*PROBLEM STATEMENT*: Whenever "Black" occurs in a line of the material, list that line.

*MATERIAL FOR THIS EXERCISE*:
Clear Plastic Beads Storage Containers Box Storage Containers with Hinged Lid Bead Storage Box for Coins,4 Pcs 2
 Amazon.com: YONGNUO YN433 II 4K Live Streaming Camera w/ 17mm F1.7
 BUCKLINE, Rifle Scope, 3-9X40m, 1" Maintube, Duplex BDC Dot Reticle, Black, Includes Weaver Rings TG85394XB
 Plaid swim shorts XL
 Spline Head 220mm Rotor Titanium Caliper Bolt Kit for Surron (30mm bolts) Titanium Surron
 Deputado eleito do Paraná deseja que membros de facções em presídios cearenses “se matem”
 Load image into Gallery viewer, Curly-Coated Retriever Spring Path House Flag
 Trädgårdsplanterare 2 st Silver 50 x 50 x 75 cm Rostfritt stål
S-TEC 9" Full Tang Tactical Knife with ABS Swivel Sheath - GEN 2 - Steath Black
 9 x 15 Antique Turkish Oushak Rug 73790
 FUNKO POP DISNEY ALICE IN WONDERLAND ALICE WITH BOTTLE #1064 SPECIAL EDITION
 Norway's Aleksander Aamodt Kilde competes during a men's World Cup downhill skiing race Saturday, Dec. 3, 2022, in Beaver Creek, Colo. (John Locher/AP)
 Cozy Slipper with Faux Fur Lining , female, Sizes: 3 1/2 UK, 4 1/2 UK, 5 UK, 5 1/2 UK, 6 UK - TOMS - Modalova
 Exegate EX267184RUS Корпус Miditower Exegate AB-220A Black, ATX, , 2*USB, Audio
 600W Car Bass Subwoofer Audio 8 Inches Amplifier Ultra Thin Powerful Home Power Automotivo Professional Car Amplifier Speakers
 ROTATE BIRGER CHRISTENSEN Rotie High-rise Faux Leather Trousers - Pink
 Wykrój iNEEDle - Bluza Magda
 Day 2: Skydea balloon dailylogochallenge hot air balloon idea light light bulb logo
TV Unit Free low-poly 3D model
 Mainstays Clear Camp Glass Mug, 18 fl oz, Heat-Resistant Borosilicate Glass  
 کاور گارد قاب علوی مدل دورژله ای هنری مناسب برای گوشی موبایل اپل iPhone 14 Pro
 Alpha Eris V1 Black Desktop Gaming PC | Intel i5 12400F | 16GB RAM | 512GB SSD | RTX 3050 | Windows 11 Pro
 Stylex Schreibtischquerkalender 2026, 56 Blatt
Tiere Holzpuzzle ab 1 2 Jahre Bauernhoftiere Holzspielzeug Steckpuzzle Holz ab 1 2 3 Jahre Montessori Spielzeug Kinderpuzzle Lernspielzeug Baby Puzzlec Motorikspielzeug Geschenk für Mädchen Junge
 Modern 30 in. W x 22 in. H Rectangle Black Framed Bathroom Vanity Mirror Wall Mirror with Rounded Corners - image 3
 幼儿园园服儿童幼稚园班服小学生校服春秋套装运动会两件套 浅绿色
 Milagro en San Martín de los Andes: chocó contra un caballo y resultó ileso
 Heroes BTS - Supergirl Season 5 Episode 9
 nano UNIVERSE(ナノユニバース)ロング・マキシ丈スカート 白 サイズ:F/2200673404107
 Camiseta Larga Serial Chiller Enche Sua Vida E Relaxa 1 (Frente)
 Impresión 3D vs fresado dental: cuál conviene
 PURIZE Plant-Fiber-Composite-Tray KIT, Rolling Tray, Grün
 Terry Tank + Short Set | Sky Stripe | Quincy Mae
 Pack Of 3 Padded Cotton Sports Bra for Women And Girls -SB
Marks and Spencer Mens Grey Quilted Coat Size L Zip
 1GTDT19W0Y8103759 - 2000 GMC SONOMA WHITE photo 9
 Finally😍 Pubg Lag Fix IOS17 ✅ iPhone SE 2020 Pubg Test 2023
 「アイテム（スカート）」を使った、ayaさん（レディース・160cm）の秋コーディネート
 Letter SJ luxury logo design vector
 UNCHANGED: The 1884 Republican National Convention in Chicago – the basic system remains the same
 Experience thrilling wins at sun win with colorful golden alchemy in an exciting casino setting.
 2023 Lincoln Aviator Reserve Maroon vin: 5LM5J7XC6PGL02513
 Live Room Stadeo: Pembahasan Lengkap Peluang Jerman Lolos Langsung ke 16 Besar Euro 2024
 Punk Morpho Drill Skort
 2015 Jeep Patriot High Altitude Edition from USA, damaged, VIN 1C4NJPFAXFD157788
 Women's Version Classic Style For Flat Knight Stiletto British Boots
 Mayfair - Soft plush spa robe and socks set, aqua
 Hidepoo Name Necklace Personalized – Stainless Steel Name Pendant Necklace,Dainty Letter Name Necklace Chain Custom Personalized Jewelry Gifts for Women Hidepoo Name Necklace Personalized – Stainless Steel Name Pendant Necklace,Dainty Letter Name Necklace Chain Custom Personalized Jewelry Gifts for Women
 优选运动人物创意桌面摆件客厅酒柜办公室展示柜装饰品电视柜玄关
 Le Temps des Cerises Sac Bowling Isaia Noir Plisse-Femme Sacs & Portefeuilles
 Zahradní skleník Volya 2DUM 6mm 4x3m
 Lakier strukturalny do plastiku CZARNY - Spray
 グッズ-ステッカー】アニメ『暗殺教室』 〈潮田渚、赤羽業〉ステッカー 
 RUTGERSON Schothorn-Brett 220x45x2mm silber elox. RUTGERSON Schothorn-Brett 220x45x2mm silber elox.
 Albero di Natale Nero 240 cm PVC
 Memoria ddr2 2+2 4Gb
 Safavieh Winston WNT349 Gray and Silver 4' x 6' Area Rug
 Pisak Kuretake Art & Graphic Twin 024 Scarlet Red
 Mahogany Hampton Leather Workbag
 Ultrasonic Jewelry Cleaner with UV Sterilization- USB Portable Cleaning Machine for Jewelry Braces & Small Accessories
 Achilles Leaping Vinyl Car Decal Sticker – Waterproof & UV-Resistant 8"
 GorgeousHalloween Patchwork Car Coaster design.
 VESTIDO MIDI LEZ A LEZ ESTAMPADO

*RESULT*:
 BUCKLINE, Rifle Scope, 3-9X40m, 1" Maintube, Duplex BDC Dot Reticle, Black, Includes Weaver Rings TG85394XB
S-TEC 9" Full Tang Tactical Knife with ABS Swivel Sheath - GEN 2 - Steath Black
 Exegate EX267184RUS Корпус Miditower Exegate AB-220A Black, ATX, , 2*USB, Audio
 Alpha Eris V1 Black Desktop Gaming PC | Intel i5 12400F | 16GB RAM | 512GB SSD | RTX 3050 | Windows 11 Pro
 Modern 30 in. W x 22 in. H Rectangle Black Framed Bathroom Vanity Mirror Wall Mirror with Rounded Corners - image 3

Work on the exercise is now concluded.